*** Opening of RECORDED INFORMATION ***

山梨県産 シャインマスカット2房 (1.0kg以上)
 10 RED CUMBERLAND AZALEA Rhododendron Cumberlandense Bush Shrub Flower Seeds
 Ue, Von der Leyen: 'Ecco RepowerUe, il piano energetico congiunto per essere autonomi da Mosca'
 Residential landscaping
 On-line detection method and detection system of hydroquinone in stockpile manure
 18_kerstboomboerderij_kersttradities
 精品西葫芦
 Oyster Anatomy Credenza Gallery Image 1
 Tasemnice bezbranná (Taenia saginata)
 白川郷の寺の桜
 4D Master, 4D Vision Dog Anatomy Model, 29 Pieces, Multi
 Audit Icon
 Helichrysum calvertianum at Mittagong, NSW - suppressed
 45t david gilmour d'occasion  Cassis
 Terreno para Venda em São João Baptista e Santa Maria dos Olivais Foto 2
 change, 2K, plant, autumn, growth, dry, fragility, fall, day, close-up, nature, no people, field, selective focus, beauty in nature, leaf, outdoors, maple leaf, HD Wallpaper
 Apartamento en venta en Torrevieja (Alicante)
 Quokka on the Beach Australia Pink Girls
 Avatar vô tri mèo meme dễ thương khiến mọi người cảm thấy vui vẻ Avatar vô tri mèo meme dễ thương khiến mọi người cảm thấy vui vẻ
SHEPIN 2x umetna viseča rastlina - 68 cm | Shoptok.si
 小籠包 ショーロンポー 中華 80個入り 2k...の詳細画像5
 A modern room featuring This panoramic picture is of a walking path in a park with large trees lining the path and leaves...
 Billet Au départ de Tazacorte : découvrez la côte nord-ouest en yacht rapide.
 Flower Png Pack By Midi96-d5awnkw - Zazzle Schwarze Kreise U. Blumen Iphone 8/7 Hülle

*** Close of RECORDED INFORMATION ***

▶ [WHAT TO WORK ON]: From the material above, tally every line that includes the word "Flower" and state the count only.

▶ [TASK SOLUTION]: 2